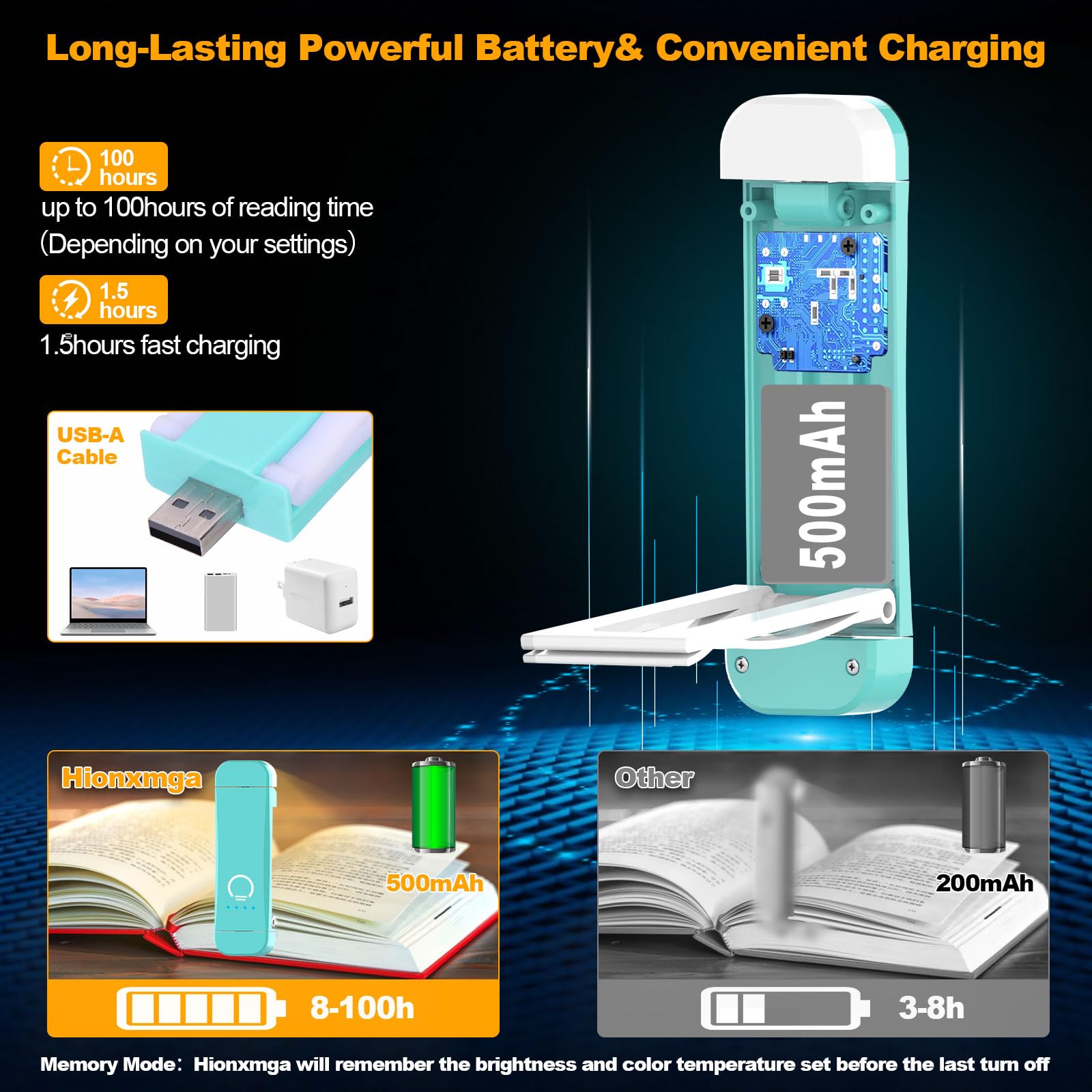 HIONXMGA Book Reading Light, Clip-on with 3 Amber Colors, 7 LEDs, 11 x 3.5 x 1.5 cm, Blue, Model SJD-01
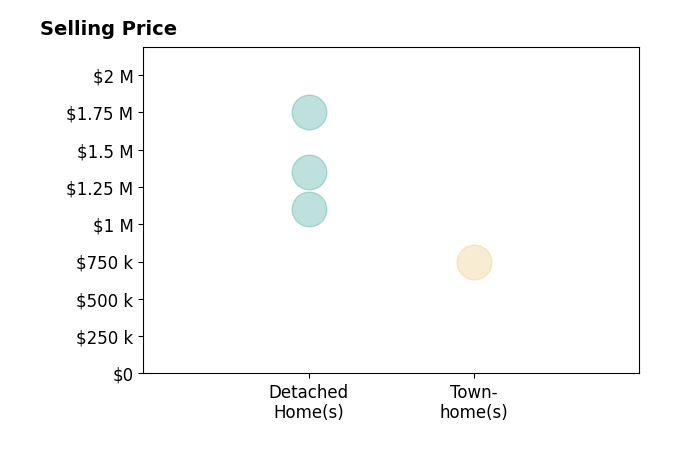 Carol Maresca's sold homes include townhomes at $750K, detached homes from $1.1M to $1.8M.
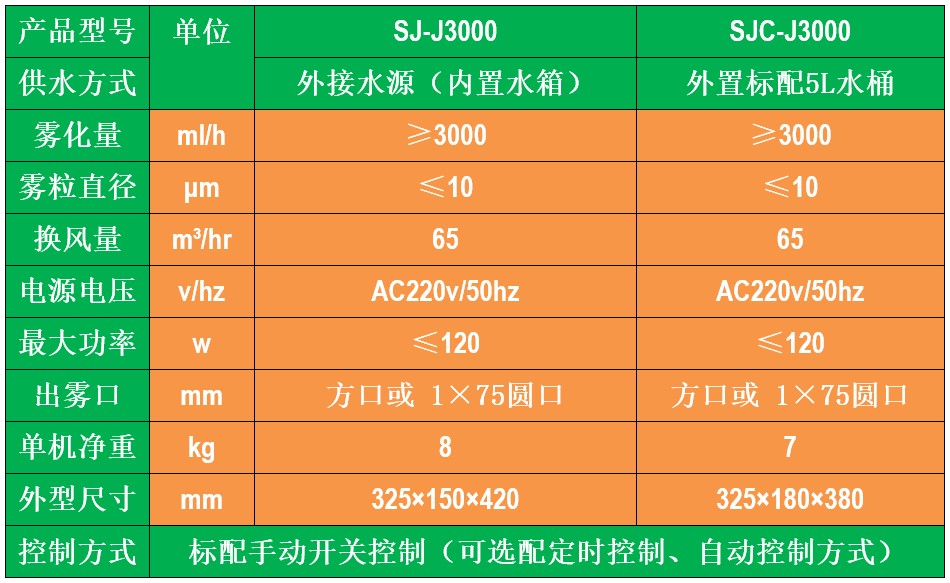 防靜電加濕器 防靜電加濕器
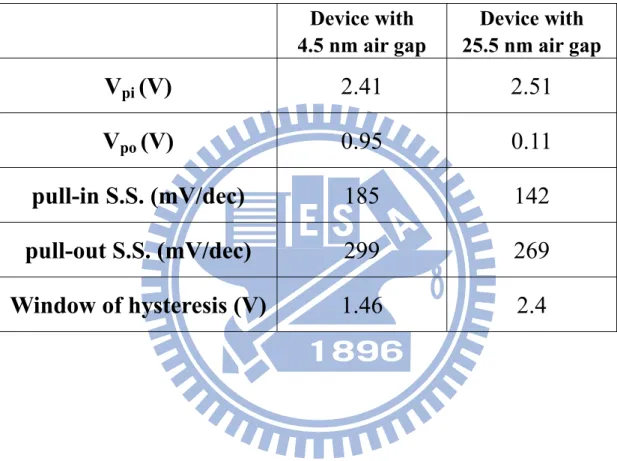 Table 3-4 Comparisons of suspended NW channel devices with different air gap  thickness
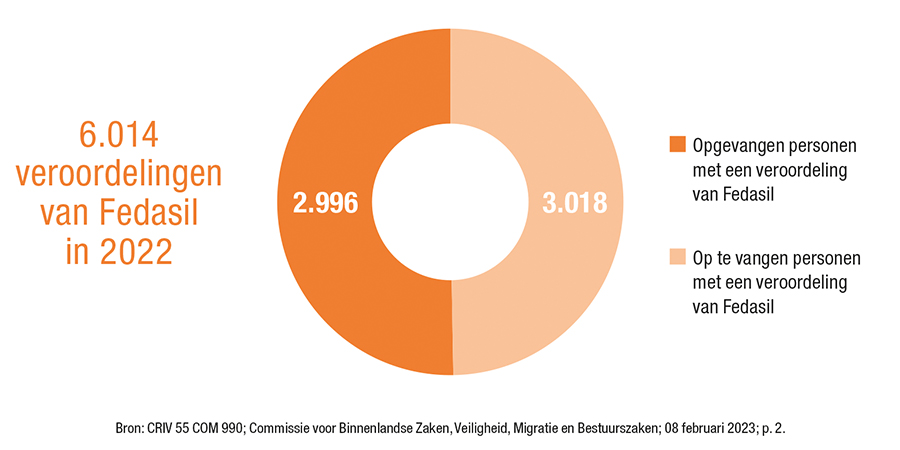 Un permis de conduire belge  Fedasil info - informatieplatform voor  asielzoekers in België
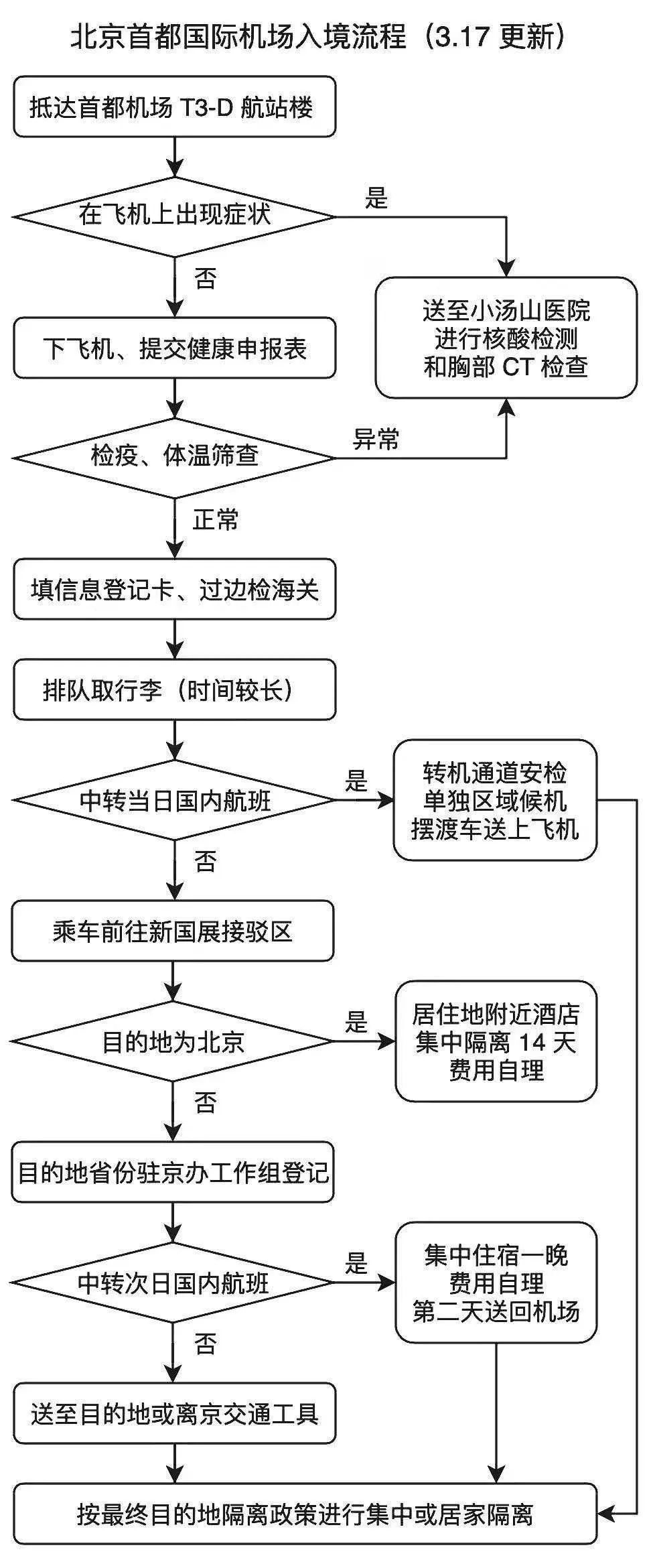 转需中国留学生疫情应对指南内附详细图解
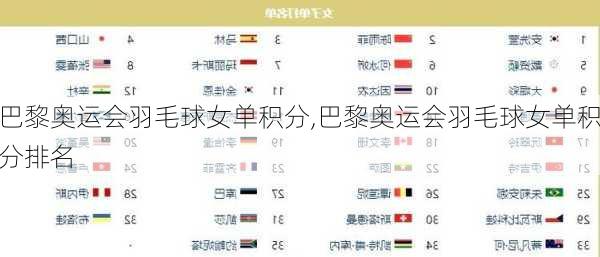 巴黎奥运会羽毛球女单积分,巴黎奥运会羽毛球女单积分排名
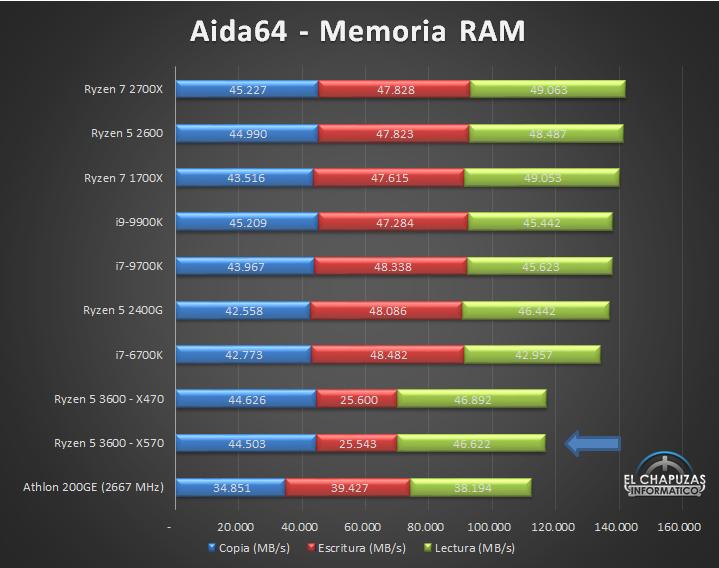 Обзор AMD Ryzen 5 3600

Exercise prompt → Please write out exactly the lines from the one containing "Un permis de" through the last line of the records above, and leave out any pictures.

Task response →
 Un permis de conduire belge  Fedasil info - informatieplatform voor  asielzoekers in België
 转需中国留学生疫情应对指南内附详细图解
 巴黎奥运会羽毛球女单积分,巴黎奥运会羽毛球女单积分排名
 Обзор AMD Ryzen 5 3600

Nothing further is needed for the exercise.